From: Daniel Kral <d.kral@proxmox.com>
To: pve-devel@lists.proxmox.com
Subject: [PATCH ha-manager v3 30/40] usage: use add_service to add service usage to nodes
Date: Mon, 30 Mar 2026 16:30:39 +0200 [thread overview]
Message-ID: <20260330144101.668747-31-d.kral@proxmox.com> (raw)
In-Reply-To: <20260330144101.668747-1-d.kral@proxmox.com>
The pve_static (and upcoming pve_dynamic) bindings expose the new
add_resource(...) method, which allow adding resources in a single call
with the additional running flag.
The running flag is needed to discriminate starting and started HA
resources from each other, which is needed to correctly account for HA
resources for the dynamic load usage implementation in the next patch.
This is because for the dynamic load usage, any HA resource, which is
scheduled to start by the HA Manager in the same round, will not be
accounted for in the next call to score_nodes_to_start_resource(...).
This is not a problem for the static load usage, because there the
current node usages are derived from the started resources on every
call already.
Passing only the HA resources' 'state' property is not enough since the
HA Manager will move any HA resource from the 'request_start' (or
through other transient states such as 'request_start_balance' and a
successful 'migrate'/'relocate') into the 'started' state.
This 'started' state is then picked up by the HA resource's LRM, which
will actually start the HA resource and if successful respond with a
'SUCCESS' LRM result. Only then will the HA Manager acknowledges this by
adding the running flag to the HA resource's state.

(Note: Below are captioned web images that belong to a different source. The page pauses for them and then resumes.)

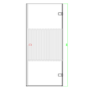 GRADE A1 - Chrome 900mm Fluted Glass Hinged Shower Door 8mm Right Hand - Matira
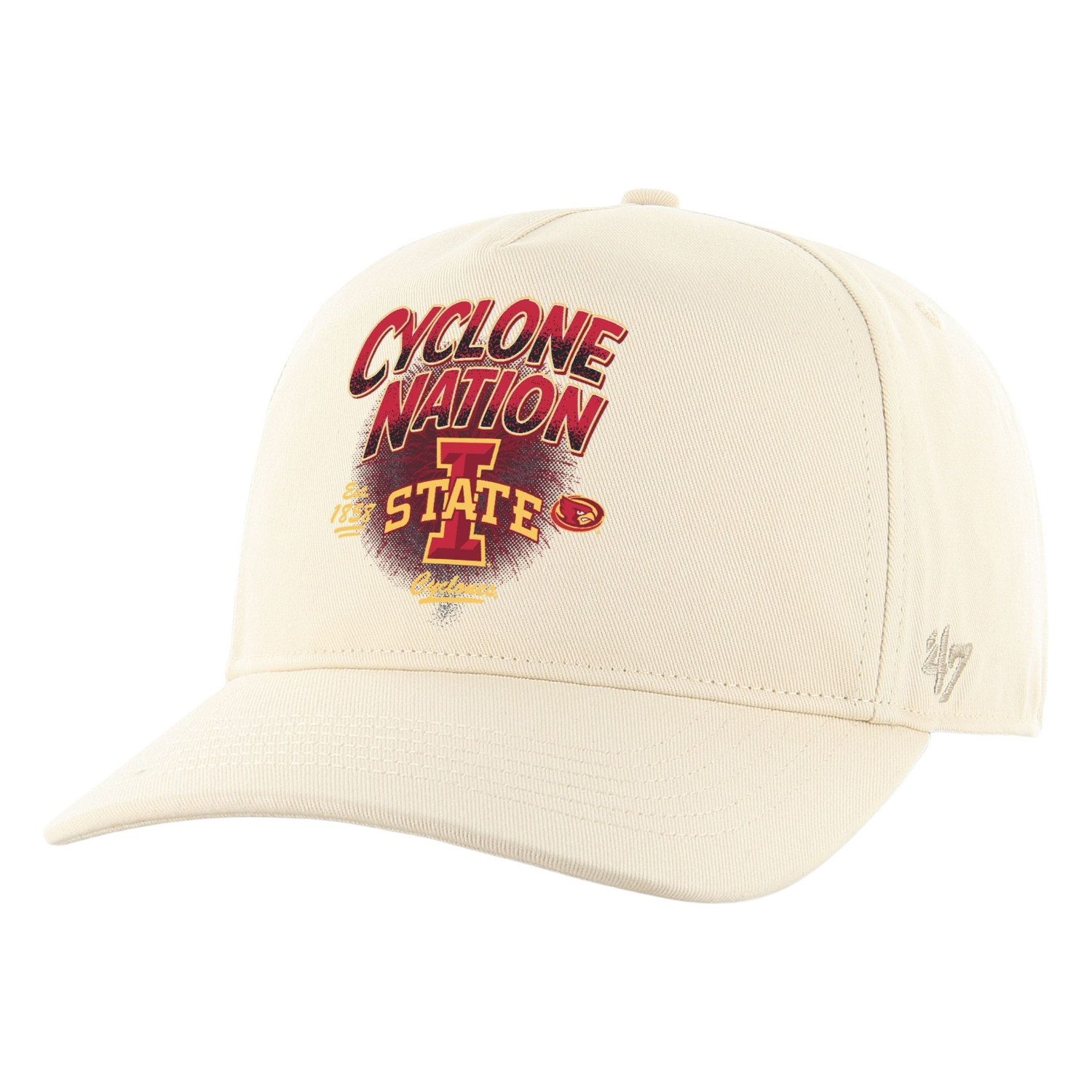 Iowa State Hat Tan Cyclone Nation Adjustable Snapback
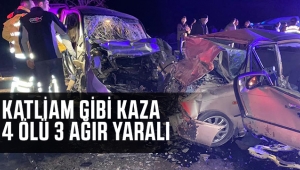 Karaman-Konya Yolunda Feci Kaza 4 ölü, 5 yaralı var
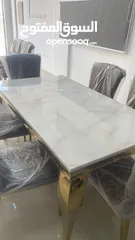  17 Dining Table Marble and Wood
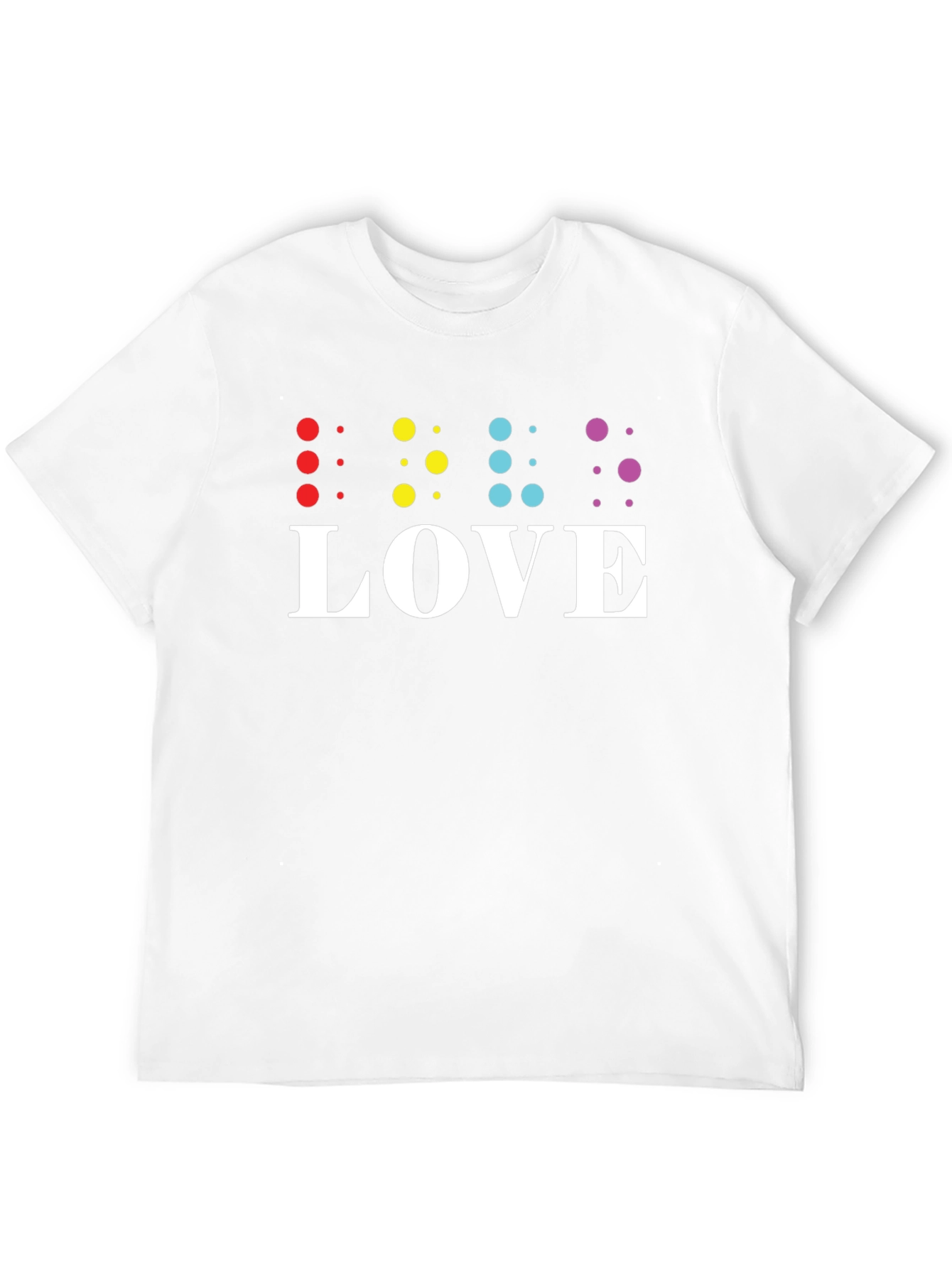 Braille Love T-Shirt Unisex Black Tee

Signed-off-by: Daniel Kral <d.kral@proxmox.com>
---
changes v2 -> v3:
- fix setting $running flag only if state 'started' and running is set
or for any non-started state where current_node is set
- Additionally handle the case where only $target_node is set in
add_service(), which can only happen in specific cases; I have some
patches which inline this behavior in get_used_service_nodes() (should
be named something else later) to make this behavior more consise, but
that should be handled separately
- change the $service property names to kebab-case
src/PVE/HA/Usage.pm | 13 ++++++++-----
src/PVE/HA/Usage/Basic.pm | 9 ++++++++-
src/PVE/HA/Usage/Static.pm | 30 ++++++++++++++++++++++++------
3 files changed, 40 insertions(+), 12 deletions(-)
diff --git a/src/PVE/HA/Usage.pm b/src/PVE/HA/Usage.pm
index be3e64d6..43feb041 100644
--- a/src/PVE/HA/Usage.pm
+++ b/src/PVE/HA/Usage.pm
@@ -33,9 +33,8 @@ sub contains_node {
die "implement in subclass";
}
-# Logs a warning to $haenv upon failure, but does not die.
-sub add_service_usage_to_node {
- my ($self, $nodename, $sid) = @_;
+sub add_service {
+ my ($self, $sid, $current_node, $target_node, $running) = @_;
die "implement in subclass";
}
@@ -47,8 +46,12 @@ sub add_service_usage {
my $online_nodes = { map { $_ => 1 } $self->list_nodes() };
my ($current_node, $target_node) = get_used_service_nodes($online_nodes, $sd);
- $self->add_service_usage_to_node($current_node, $sid) if $current_node;
- $self->add_service_usage_to_node($target_node, $sid) if $target_node;
+ # some usage implementations need to discern whether a service is truly running;
+ # a service does only have the 'running' flag in 'started' state
+ my $running = ($sd->{state} eq 'started' && $sd->{running})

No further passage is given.